Sysadmin 101: Ticketing

This is the third in a series of articles on system administrator fundamentals where I focus on some lessons I've learned through the years that might be obvious to longtime sysadmins, but news to someone just coming into this position.

In the first article, I discussed how to approach alerting and on-call rotations as a sysadmin. The second article covered how to automate yourself out of a job. In this article, I explore something that on the surface may seem boring or mundane but is absolutely critical to get right if you want to be an effective sysadmin: ticketing.

By ticketing, I'm referring to systems that allow sysadmins to keep track of tasks both internally and those requested by their coworkers or customers.

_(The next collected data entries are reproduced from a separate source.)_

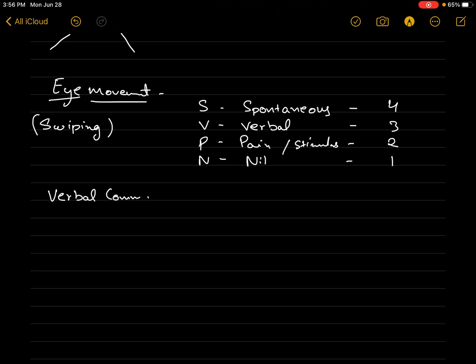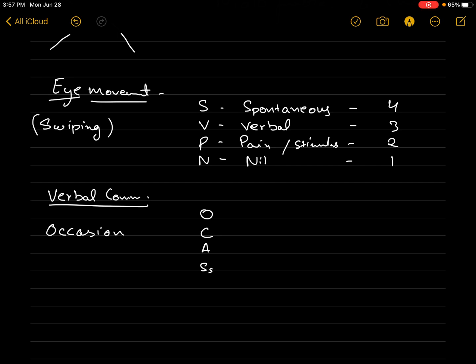Now for verbal communication. You've swiped the person, and later you start chatting on WhatsApp or Tinder. Now it's time for verbal communication — talking on the cell phone. You wait for the right moment, when both of you get comfortable with each other. So you wait for the right occasion. How do we write it? O-C-A-S-S-N. There are five abbreviations here, and the maximum score for verbal is five.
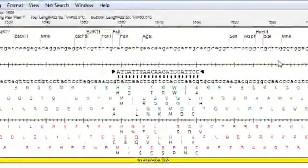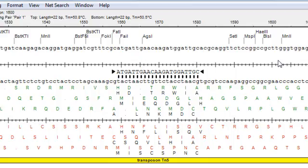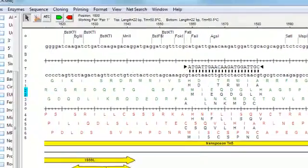After creating a primer pair for your region of interest, you may want to edit one of your primers, and there are several ways to do this.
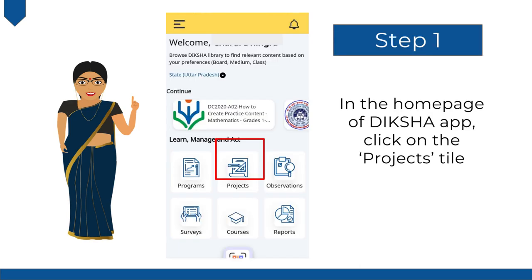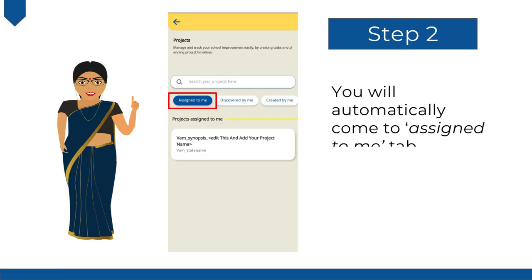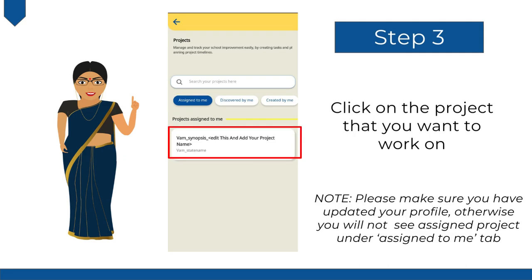On the Diksha homepage, click on the option Projects. You will automatically come to the Assigned to Me tab. Click on the project that you want to work on. Please make sure you have updated your profile, otherwise you will not see the assigned project under the Assigned to Me tab.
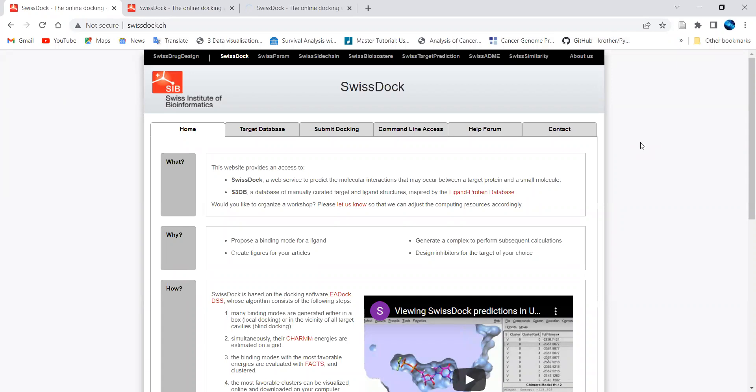Hello friends, welcome again. In this video I will be demonstrating the docking point of view for drug discovery and design using an in silico approach. We have to go with different commercial as well as online tools or software available for docking, and to understand the different concepts and methodologies available with respect to different databases and commercial software.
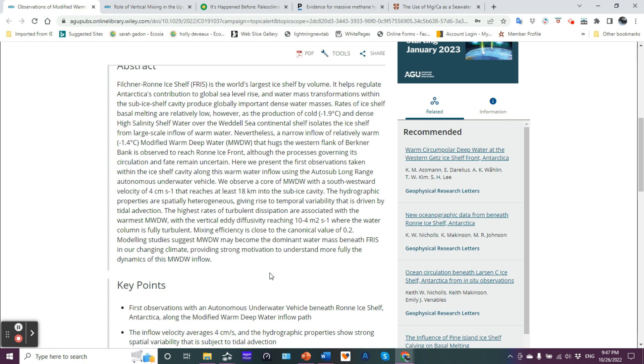Mixing efficiency is close to the canonical value of 0.2. Modeling studies suggest that the modified warm deep water may become the dominant water mass beneath FRIS in our changing climate, providing what's going on here.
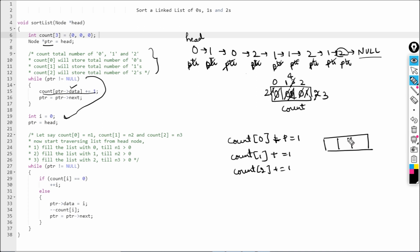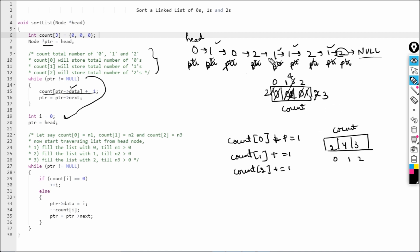The final state of the count array is: count[0] = 2, count[1] = 4, count[2] = 3. Let's verify: there are two zeros, four ones, and three twos in the list — correct. This is the status of the count array after the first pass.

There are many ways to get ticketing wrong so that it becomes a drain on an organization, so many sysadmins avoid or it use it begrudgingly. Also, ticketing approaches that work well for developers may be horrible for sysadmins, and vice versa. If you don't currently use a ticketing system, I hope by the end of this article, I've changed your mind. If you do use tickets, but you wish you didn't, I hope I can share how to structure a ticketing system that makes everything easier, not more difficult.

Why Tickets Are Important

Like documentation, tickets are one of those important things in a mature organization that some administrators think are unnecessary or even a waste of time. A ticketing system is important no matter the size of your organization. In a large organization, you have a large volume of tasks you need to keep track of distributed among a group of people. In a small organization, you often have one person taking on many roles. This leads me to the first reason why tickets are important.

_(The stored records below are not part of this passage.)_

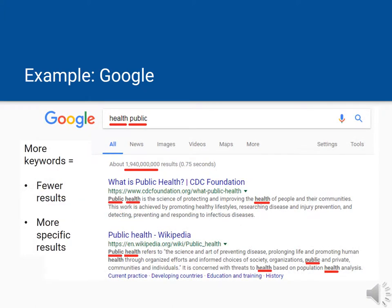If you add the word public to your search, the search engine will find all the pages that have both words somewhere in them. The more words you add, the more specific your search will get, and the fewer results will come back.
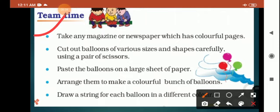Take any magazine or newspaper which has colorful pages. You have to cut out balloons of various sizes and shapes carefully using a pair of scissors. You have to cut the balloons in different shapes and colors.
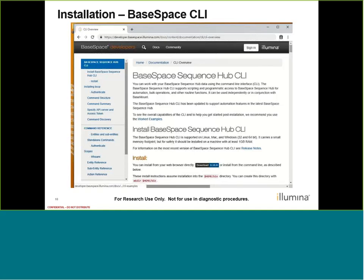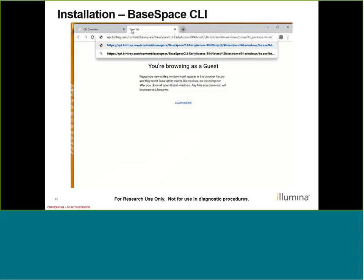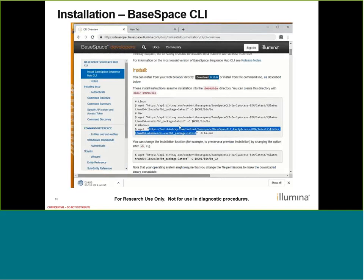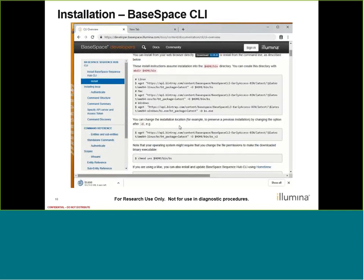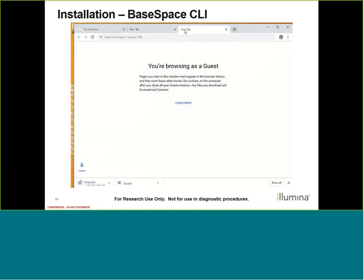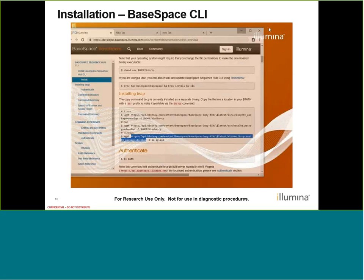Since we're going to focus on this alternate installation, I'm going to grab this URL here under the Windows command and paste it into my browser, and my download started. That grabs the BS script. Let me go ahead and grab the BSCP script as well — I'm going to copy this URL and paste it in, and that download is going to start as well. Okay, so it looks like my download is completed.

Tickets Ensure That Tasks Aren't Forgotten

Sysadmins are asked to do new tasks constantly. These days, there are any number of ways a coworker might ask for your help, from an email, to a phone call, to a message in a chat program, to a tap on the shoulder. If you weren't doing anything else, you immediately could start working on that task, and everything would be fine. Of course, usually sysadmins have to balance needs from many different people at the same time. Even requests that come in through email have a tendency to fall through the cracks and be forgotten. By storing every request in a ticket, no matter how you got the request, it is captured, so that even if you do forget about it, you'll remember it the next time you look at your ticketing system.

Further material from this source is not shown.